So, for the past 15 years or so, Microsoft's behavior has been far better than average for the software industry. For the past five years, it has been listed as one of the world's "most ethical" corporations.

Pretty much all the people who did bad things departed in a previous century, and the company culture is radically different today.




> So, for the past 15 years or so, Microsoft's behavior has been far better than average for the software industry.

OOXML happened in 2006. Android racket is still going on. Proxy fight against linux through SCO (yes, MS financed it) went through 2010.

Microsoft can only be considered ethical in comparison to Oracle. But then, anything is ethical compared to Oracle.


Ah, I didn't realize "ethical" just meant things you don't like.

> OOXML happened in 2006.

Standard technique re committees, and Microsoft isn't the first to use it. However, on balance, it was a good thing to do. Frankly, I don't see how any sensible person can object to the opening up and standardization of ubiquitous file formats (and again, that's a common industry move). It's good for users.

> Android racket is still going on.

Microsoft was one of the pioneers of desktop computing and desktop Unix, so I can believe it has some IP (though I don't know what it is).

Monetizing your IP is a standard American practice, in which IBM has long been a world leader. I wouldn't expect the US DoJ to disapprove of it. Indeed, it appears the whole US legal, economic and political systems encourage it.

> Proxy fight against linux through SCO (yes, MS financed it) went through 2010.

Which Microsoft didn't finance.


> Ah, I didn't realize "ethical" just meant things you don't like.

I'll give you the benefit of the doubt that you are unaware of what was going on. I've attached references so that you can educate yourself.
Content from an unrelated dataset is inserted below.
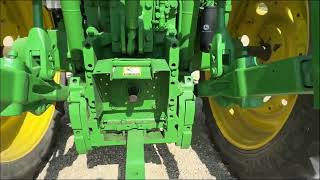 2000 JOHN DEERE 7410 For Sale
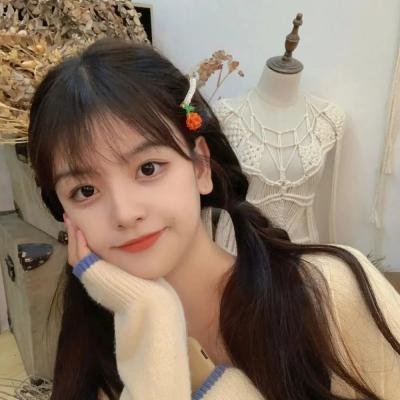 丹顶鹤女孩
If you think they are wrong, please have the courtesy to provide references that counter these.

> However, on balance, it was a good thing to do.

What exactly was a good thing to do? Stacking ISO committees with inactive members[0], that took years to clear so the committees went back to function? (No, that's not standard practice). Or was the good thing ignoring requests to join the OASIS ODF standardization process? Or was it the actual OOXML "standard" itself, which is so convoluted that at the time it was published, no software (Including Microsoft Office) supported it, and in general, no software CAN really support it because it has settings like[1] "auto space like word 95", which is not specified anywhere except in the Word 95 source code? It's not a standard, it's a joke, and it's a mockery any community process. And I've been on committees before - politics is rampant, but what Microsoft did is not.

> Microsoft was one of the pioneers of desktop computing and desktop Unix, so I can believe it has some IP (though I don't know what it is).

You were saying microsoft has changed and has been better than most companies for the last few years. I would say this contradicts your position. It is no worse than IBM or Oracle, but that doesn't make Microsoft ethical.

> Which Microsoft didn't finance.

"The email details how, surprise surprise, Microsoft has arranged virtually all of SCO’s financing, hiding behind intermediaries like Baystar Capital.”[2]

[0] http://www.groklaw.net/articlebasic.php?story=20080825162905... and http://www.washingtonpost.com/wp-dyn/content/article/2007/08...

[1] https://www.google.com/search?q=OOXML+%22auto+space+like+wor...

[2] http://techrights.org/2010/05/25/microsoft-sco-and-then-acac...


Anybody who seriously references anything from techrights is so deluded as to be beyond argument. Sorry.


What can I say, you have the winning argument. It also totally trumps groklaw and hundreds of independent google results.